Safer driving pays dividends
We had to say it. Your driving record affects your premiums. Accidents, parking lot mishaps, and traffic violations can lead to higher premiums. However, insurers realize that one accident doesn‘t define a person and any changes in premium don‘t last forever.

Adjust coverage on older cars
If you have a newer car, it‘s likely that you‘ll want full coverage, including collision and comprehensive coverage. However, cars depreciate rapidly and if you‘re driving a car that‘s older, the collision coverage might not pay much if the car is a total loss.

When determining whether to repair a vehicle, insurers compare the cost of the repair to the depreciated value of the vehicle. If the two are close, the car is usually totaled. Even a small fender bender might be enough to total an older car – and after the deductible, the insurance payout might not be much. Talk to your broker and decide if your older vehicle still needs full coverage or if that money is better spent beefing up your liability coverage.

Combine coverage with one insurer
Many insurers provide multi-car discounts as well as discounts for combining auto and home insurance – and, yes, home insurance usually includes renters insurance. Ask your broker about multi-car or multi-policy discounts that can reduce your overall cost of insurance. As a bonus, you might end up with one less bill in your mailbox when you combine coverage.

Is your car a hot theft target?
Most cars that are stolen are never found – or require so many repairs when they are found that you might wish they were never found. Cars that are more common theft targets cost more to insure. Check the insurance costs before you sign the bottom line.
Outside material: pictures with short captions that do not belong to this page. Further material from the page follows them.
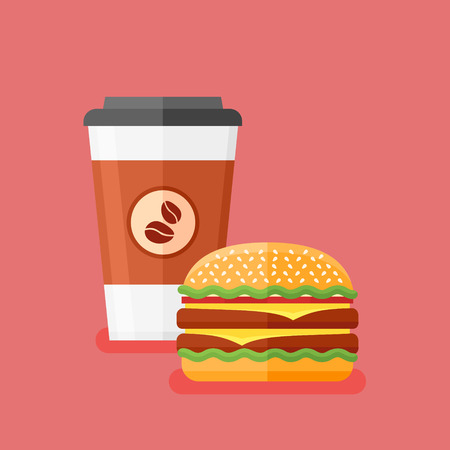 Coffee takeaway and double burger on red background. Fast food. Flat style vector illustration.のイラスト素材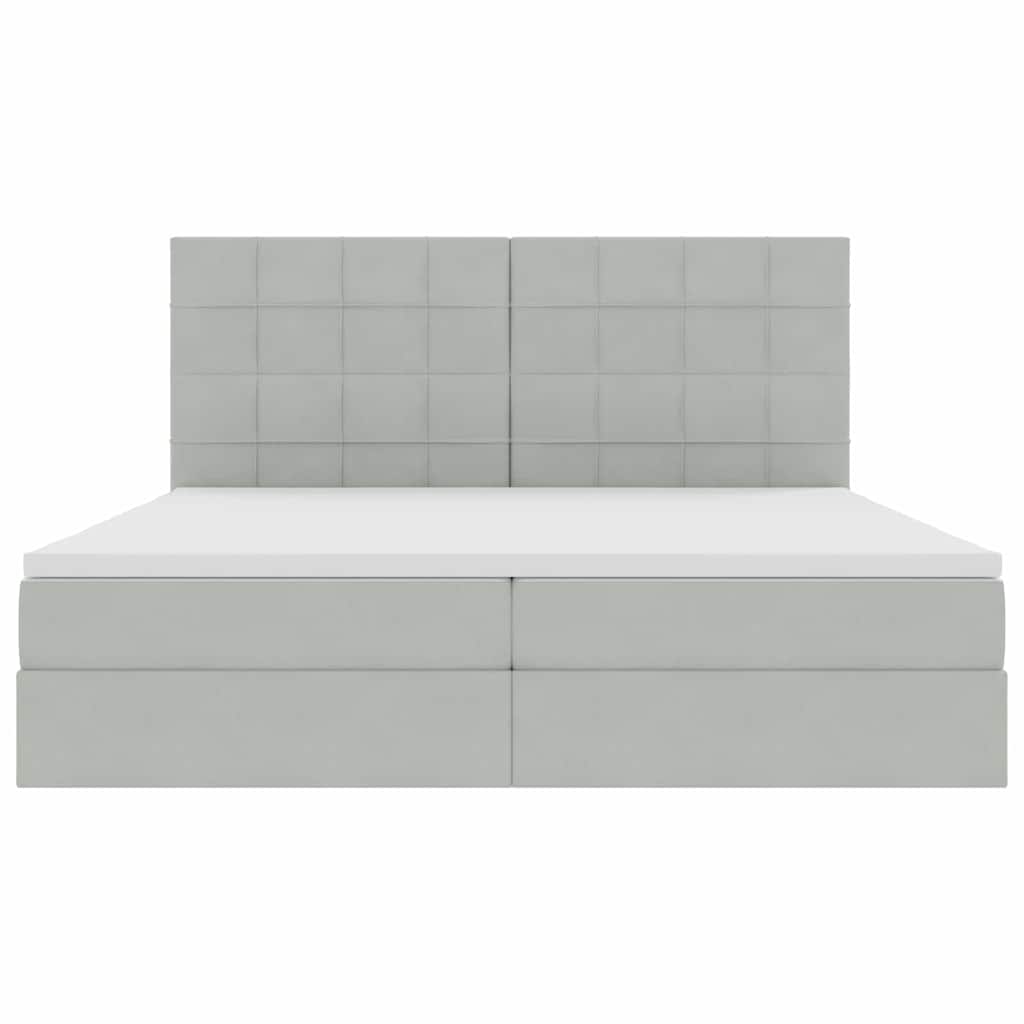 Opbergbed met LED met matras Lichtgrijs 200 x 200 cm Fluweel is nu te koop bij PeponiXL, paradijselijk wonen!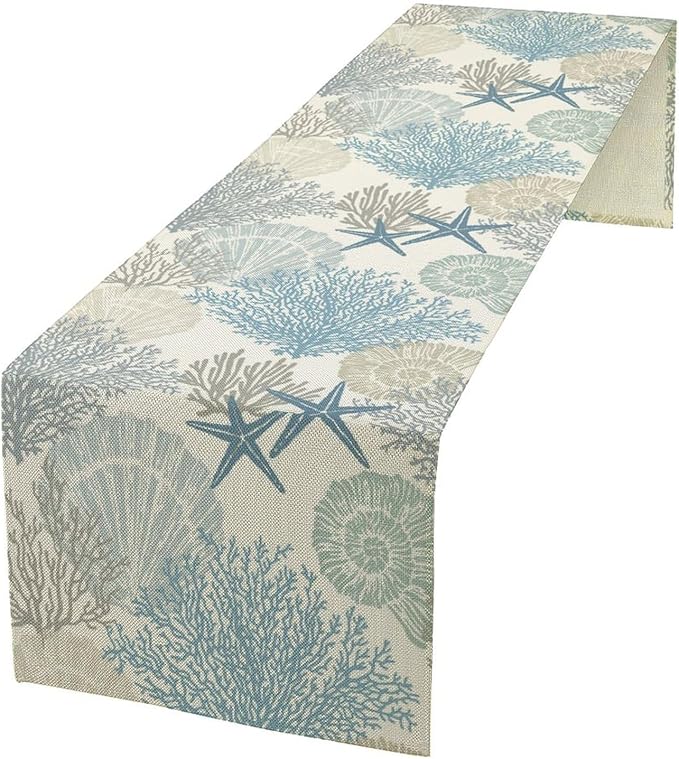 Blue Teal Coral Table Runners, Summer Beach Starfish Coastal Coffee Table Runners for Wedding Party Banquet Dining Holiday 13x36in
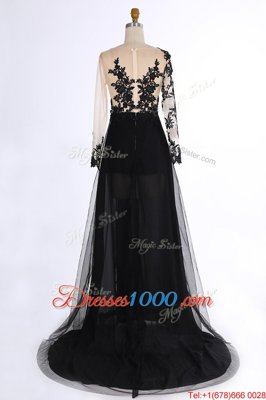 Fantastic Black Long Sleeves Lace and Appliques Zipper Evening Dress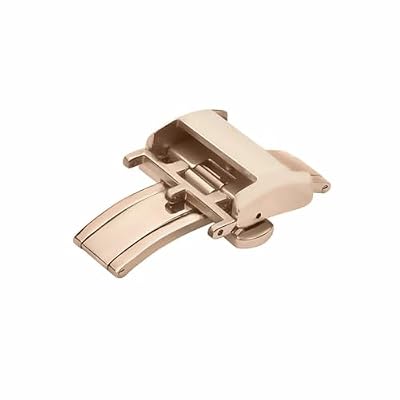 Ewatchparts 18mm Deployment Buckle Clasp Compatible With Longines Classic Watch Leather Strap Rose Gold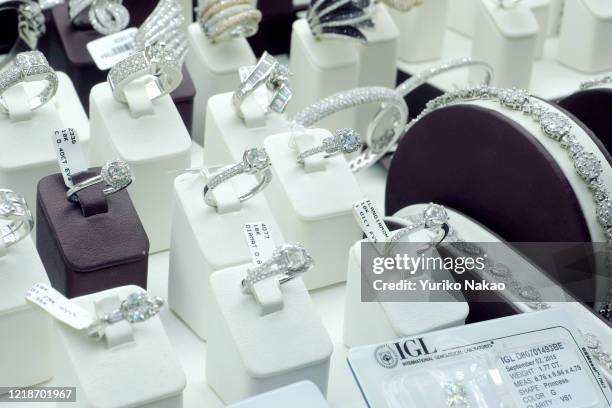 Diamond ring with IGL certificate among with other rings and bracelets displayed in a show window of a diamond shop on January 16, 2019 in Antwerp,...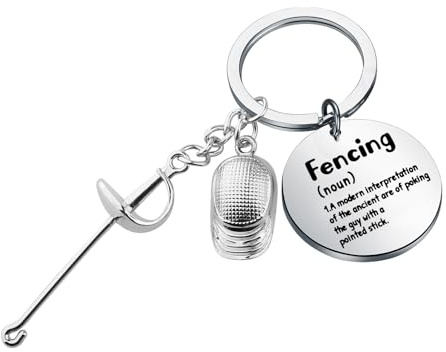 BNQL Porte-clés d'escrime - Cadeau pour escrime - Cadeau de sport - Cadeau pour les fans d'escrime - Cadeau d'entraîneur d'escrime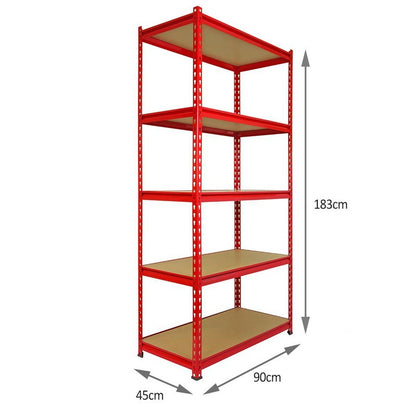 Raven Steel & MDF Shelving Units 180cm - Red Set Of Three Extra Strong Z-Rax 90cm Corner by Raven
Consider a higher deductible
The deductible is the part of an insurance claim that you pay. In a way, by choosing a higher deductible you‘re self-insuring up to the deductible amount. In effect, you‘ll cover the small claims – up to your deductible amount – and the insurer will cover the big claims. Ask your broker about the difference in cost. Many times, it may make sense to choose a higher deductible and put the monthly savings into a just-in-case fund. If you never use your savings, congratulations. You win! And you get to keep the money you saved.